Mathematical Foundations
-
The logistic function is the natural link between rating differences and probabilities. It arises from the assumption that team performances follow logistic (or approximately normal) distributions, making it theoretically grounded as well as practically useful.
-
The Massey matrix has elegant structure. Diagonal entries count games played; off-diagonal entries count matchups between teams. The matrix is singular because only rating differences are determined, requiring a constraint (usually sum-to-zero) for a unique solution.
-
PageRank convergence is guaranteed. The power method converges to the unique stationary distribution of the Markov chain defined by the damped transition matrix.
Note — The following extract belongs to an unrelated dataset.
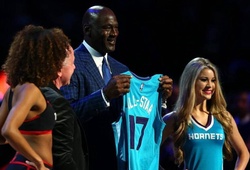 Dù thống trị trên sân đấu, Michael Jordan vẫn không thể là một ông chủ tốt
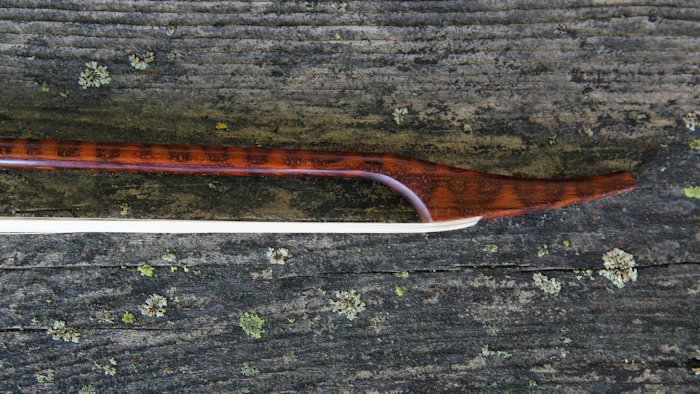 onceuponatreeCA's tweet image. Baroque cello bow in snakewood and ebony. Sept. 2016. #baroquebow #cellobow #bowmaking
Convergence is typically fast (20-50 iterations) and insensitive to the starting vector.
-
Calibration is the bridge between ratings and betting. A well-calibrated system produces probabilities that match observed frequencies. The Expected Calibration Error (ECE) quantifies this property. Calibration should be monitored continuously and recalibrated when it drifts.
Common Pitfalls
-
Overfitting the K-factor to a single season. The optimal K-factor varies slightly between seasons. Use multi-season validation to select a robust value rather than optimizing for one season's results.
-
Ignoring the startup period. All rating systems produce unreliable predictions for the first several games while ratings are still far from their equilibrium values. Exclude early-season predictions from evaluation metrics.
-
Treating PageRank scores as calibrated probabilities. Raw PageRank scores are relative importance measures, not probabilities. Converting them to win probabilities via score ratios ($r_A/(r_A + r_B)$) produces estimates that typically need further calibration.
-
Assuming stationarity. Rating systems assume that the underlying team strengths evolve slowly. Mid-season trades, injuries, and coaching changes violate this assumption. Build monitoring systems that detect when predictions suddenly degrade.
Connections to Other Chapters
- Chapter 9 (Regression Analysis): Massey ratings are fundamentally a linear regression problem, connecting rating systems to the statistical foundations covered earlier.
- Chapter 10 (Bayesian Methods): Glicko-2's uncertainty tracking is Bayesian in spirit, updating beliefs about team strength as new evidence arrives.
- Chapter 27 (Advanced Regression and Classification): Rating system outputs serve as powerful features for the machine learning models covered next. XGBoost models that include Elo, Massey, and PageRank ratings as features consistently outperform models without them.